Until cities can revamp their streets and highways, they will have to work harder to manage the traffic flow. Authorities in Los Angeles, Chicago and other metropolitan areas have installed electronic sensors in the pavement to get a continuous reading of traffic speed and volume. When a highway becomes clogged, controllers can adjust the timing of stoplights on the on-ramps to reduce the flow of vehicles. In Virginia traffic supervisors use remote TV cameras installed along stretches of I-66 and I-395 to spot breakdowns, to which they immediately dispatch tow trucks that dispense free gasoline if a motorist needs it. Chicago's highway authority operates a huge mobile crane, dubbed Mad Max, that can lift up to 60 tons, and has moved obstacles ranging from semitrailers to a 500-lb. runaway pig.

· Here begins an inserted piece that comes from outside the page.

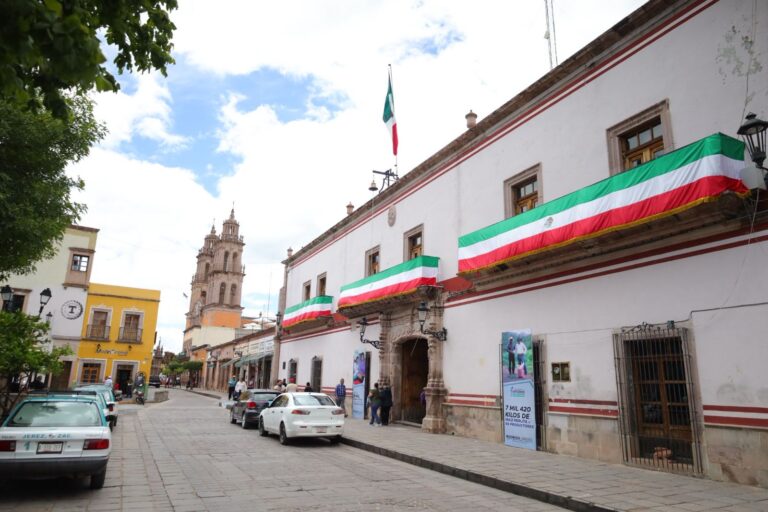 Invitan a doble festival en Jerez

To a great extent, traffic misery is what Americans get in return for preferring their cozy vehicles to mass transit. "We've made a massive commitment to autos, especially those with only one or two people in them. Now we're paying the price," says Richard Kiley, chairman of the Metropolitan Transit Authority for the New York City area. Gridlock has inspired some cities that once spurned mass transit to launch bold new building programs. Los Angeles, which tore up its streetcar tracks during the '50s, broke ground in 1986 on a $5 billion transit system that will include a four-mile-long subway from the downtown civic center to MacArthur Park and a 22-mile-long rail line from downtown to nearby Long Beach.
Yet mass transit is no cure-all and often proves inefficient in America's sprawling suburbs. Many critics question whether subways and other heavy-rail systems can be effective anywhere but in a few very densely populated cities. Even Washington's clean and efficient 70-mile-long, $7 billion Metro subway, which carries almost 500,000 riders a day, meets only 70% of its operating expenses from fares.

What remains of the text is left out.